### [WORK INSTRUCTION]
Repeat the span of the entries below that starts at the line with "Ragdoll cats GCCF" and ends at the line with "Animal Rights By Brigitta Kovács", nothing more. Skip the pictures.

### [GIVEN INFORMATION]
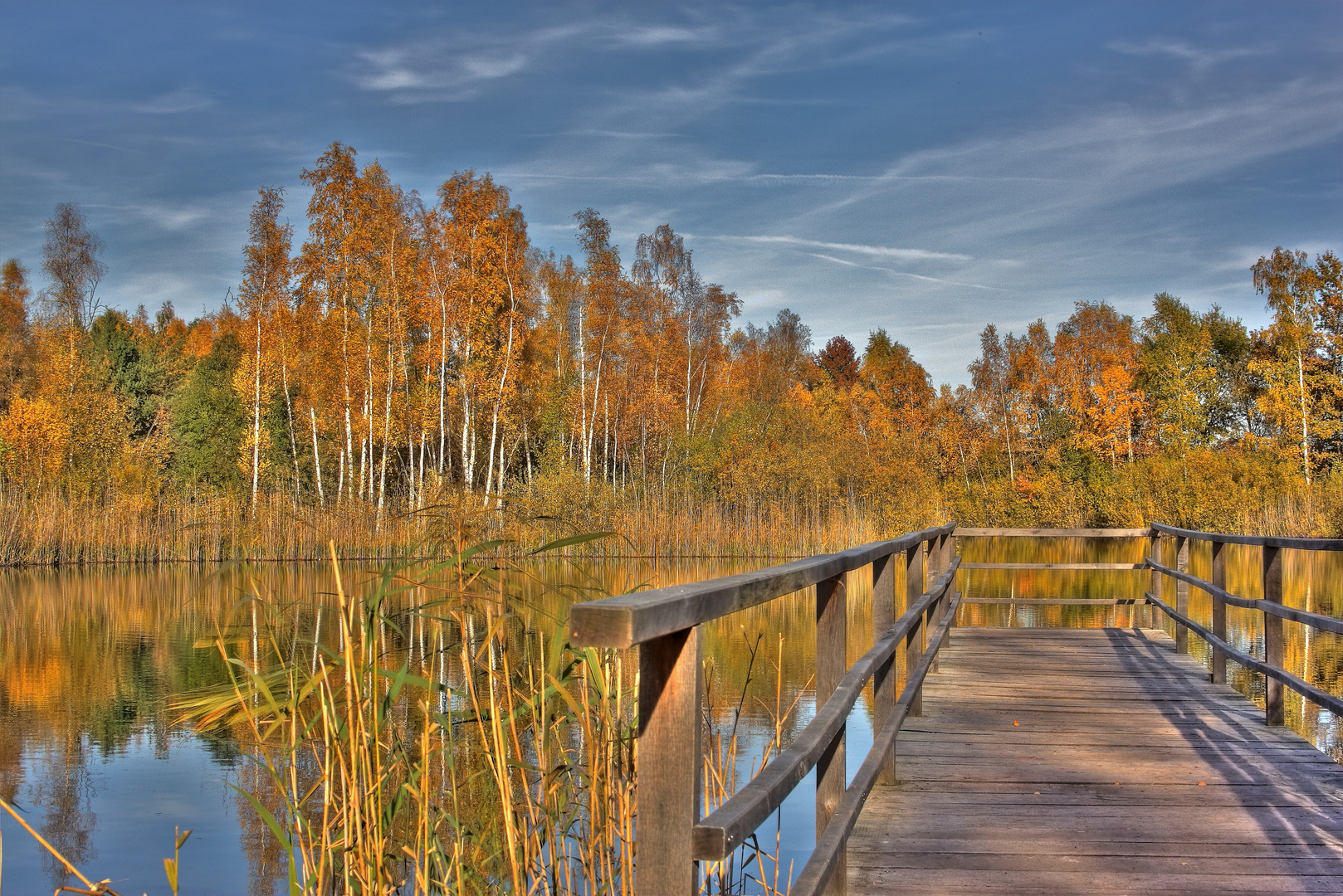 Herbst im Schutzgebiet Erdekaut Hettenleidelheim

--

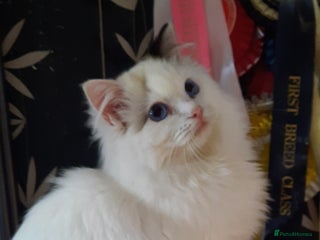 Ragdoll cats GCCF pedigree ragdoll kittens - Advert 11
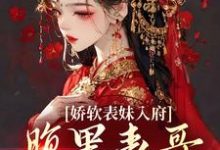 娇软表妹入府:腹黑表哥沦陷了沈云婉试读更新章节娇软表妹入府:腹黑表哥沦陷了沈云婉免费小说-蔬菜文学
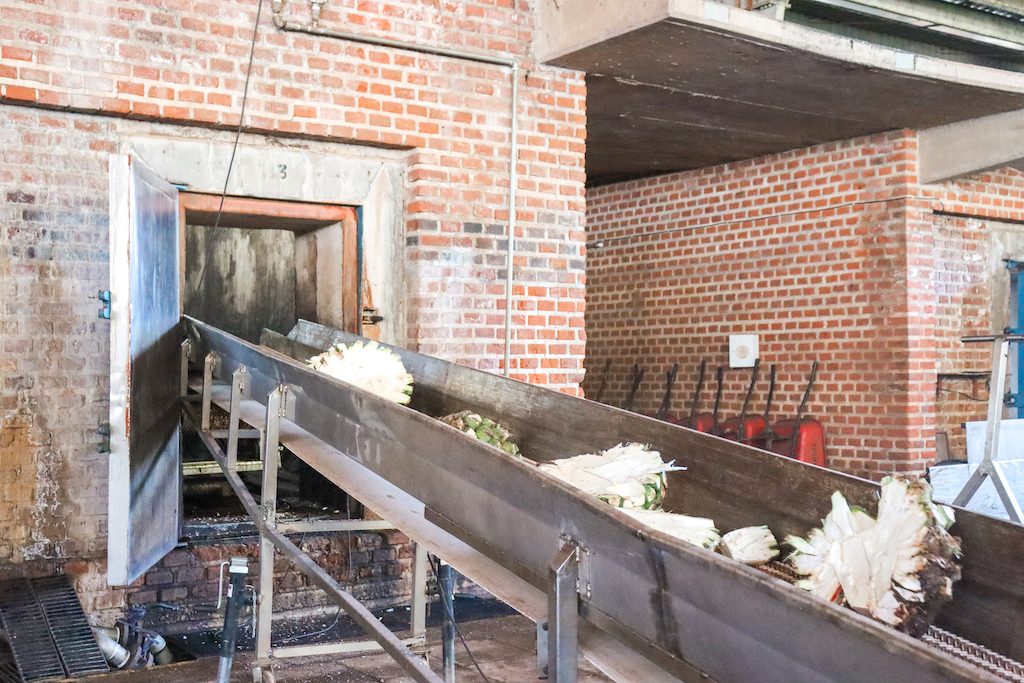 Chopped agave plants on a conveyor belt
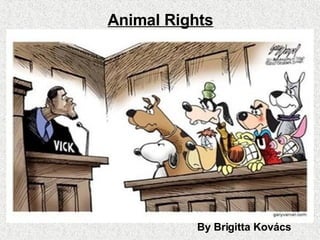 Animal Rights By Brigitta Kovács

---

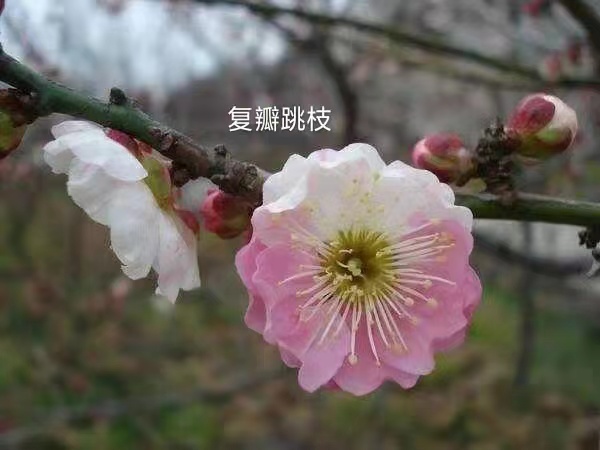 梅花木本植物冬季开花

### [TASK RESULT]
 Ragdoll cats GCCF pedigree ragdoll kittens - Advert 11
 娇软表妹入府:腹黑表哥沦陷了沈云婉试读更新章节娇软表妹入府:腹黑表哥沦陷了沈云婉免费小说-蔬菜文学
 Chopped agave plants on a conveyor belt
 Animal Rights By Brigitta Kovács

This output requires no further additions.